Short descriptive text snippets:
----
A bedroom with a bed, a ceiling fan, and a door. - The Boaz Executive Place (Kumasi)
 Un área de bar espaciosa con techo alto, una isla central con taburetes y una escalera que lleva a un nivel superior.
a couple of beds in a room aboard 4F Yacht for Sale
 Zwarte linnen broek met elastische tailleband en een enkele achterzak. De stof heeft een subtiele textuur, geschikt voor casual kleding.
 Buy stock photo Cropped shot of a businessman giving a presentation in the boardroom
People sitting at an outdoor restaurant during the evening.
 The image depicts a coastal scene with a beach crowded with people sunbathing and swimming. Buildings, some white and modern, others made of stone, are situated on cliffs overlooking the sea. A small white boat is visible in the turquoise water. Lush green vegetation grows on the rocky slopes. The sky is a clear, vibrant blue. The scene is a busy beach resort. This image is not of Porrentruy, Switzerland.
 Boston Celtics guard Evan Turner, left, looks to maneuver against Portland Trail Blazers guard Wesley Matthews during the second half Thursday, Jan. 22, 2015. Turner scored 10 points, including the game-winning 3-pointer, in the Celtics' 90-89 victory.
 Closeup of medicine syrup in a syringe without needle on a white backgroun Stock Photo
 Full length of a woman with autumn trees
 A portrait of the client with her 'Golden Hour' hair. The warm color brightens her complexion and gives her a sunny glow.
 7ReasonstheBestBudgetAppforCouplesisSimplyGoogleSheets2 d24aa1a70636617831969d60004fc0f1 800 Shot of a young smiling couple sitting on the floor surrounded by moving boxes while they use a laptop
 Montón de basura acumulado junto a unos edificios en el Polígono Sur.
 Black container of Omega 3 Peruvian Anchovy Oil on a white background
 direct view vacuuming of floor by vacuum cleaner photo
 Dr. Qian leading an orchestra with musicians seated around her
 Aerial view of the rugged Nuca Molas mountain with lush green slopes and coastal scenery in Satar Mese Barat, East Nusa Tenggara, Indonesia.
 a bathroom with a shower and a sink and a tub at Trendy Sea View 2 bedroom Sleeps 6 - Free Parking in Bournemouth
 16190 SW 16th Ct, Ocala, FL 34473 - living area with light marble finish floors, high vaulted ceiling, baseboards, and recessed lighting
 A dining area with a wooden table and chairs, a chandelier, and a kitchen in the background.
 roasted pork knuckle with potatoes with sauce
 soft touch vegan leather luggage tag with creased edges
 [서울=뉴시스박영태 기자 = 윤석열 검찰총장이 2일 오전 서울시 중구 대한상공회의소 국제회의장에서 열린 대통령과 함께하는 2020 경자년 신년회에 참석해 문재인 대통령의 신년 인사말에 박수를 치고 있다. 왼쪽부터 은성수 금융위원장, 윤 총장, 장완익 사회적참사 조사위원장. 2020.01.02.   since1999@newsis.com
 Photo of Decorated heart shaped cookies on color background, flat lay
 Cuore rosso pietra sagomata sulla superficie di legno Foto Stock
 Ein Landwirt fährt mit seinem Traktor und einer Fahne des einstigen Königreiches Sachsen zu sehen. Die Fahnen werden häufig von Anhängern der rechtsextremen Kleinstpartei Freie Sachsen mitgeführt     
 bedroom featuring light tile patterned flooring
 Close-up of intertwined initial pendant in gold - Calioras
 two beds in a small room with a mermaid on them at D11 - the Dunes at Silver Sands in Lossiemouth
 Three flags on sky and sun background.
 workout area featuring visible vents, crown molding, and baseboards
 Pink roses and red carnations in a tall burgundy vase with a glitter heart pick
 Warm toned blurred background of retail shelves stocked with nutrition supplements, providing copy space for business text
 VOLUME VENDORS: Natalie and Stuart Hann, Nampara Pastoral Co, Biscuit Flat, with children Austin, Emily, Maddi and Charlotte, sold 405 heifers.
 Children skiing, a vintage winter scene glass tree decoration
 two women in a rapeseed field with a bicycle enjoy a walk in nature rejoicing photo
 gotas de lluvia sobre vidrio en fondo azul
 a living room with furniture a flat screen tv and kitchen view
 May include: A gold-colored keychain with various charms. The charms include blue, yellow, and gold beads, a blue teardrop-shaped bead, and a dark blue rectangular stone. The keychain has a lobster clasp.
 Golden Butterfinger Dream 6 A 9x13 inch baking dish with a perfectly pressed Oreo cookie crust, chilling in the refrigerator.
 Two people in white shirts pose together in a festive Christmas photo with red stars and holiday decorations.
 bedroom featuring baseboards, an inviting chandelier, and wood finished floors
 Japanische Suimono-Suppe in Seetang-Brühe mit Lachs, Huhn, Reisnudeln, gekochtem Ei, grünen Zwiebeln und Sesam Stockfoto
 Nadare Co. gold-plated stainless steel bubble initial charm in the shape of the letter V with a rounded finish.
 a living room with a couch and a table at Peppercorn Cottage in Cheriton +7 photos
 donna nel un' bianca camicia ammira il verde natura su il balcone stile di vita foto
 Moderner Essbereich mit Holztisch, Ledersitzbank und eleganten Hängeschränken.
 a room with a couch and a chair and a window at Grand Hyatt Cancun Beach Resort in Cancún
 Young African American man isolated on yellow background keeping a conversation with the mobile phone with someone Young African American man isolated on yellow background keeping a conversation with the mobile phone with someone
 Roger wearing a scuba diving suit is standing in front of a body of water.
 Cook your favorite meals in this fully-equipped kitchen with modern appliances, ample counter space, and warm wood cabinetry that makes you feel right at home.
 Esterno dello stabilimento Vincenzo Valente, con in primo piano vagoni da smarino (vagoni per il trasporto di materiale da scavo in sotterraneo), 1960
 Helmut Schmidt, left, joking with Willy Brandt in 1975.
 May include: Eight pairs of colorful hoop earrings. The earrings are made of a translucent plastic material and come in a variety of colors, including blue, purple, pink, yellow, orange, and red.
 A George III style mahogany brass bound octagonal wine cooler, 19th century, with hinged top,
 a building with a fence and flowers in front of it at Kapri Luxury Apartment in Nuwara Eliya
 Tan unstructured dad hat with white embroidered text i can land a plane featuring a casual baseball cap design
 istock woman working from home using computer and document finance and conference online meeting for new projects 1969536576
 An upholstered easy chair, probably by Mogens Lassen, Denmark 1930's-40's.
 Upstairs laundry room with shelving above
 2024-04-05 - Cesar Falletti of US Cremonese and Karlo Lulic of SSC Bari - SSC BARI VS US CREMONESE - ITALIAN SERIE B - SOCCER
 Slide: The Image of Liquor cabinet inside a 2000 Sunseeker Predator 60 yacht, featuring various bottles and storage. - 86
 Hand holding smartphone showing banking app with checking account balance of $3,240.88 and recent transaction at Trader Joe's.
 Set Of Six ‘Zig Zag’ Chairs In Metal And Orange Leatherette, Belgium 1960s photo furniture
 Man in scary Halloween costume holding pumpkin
----
There is a run of lines above from the one with "a room with" to the one with "with someone Young"; print exactly that run, both ends included, and nothing else.

» Exercise result:
 a room with a couch and a chair and a window at Grand Hyatt Cancun Beach Resort in Cancún
 Young African American man isolated on yellow background keeping a conversation with the mobile phone with someone Young African American man isolated on yellow background keeping a conversation with the mobile phone with someone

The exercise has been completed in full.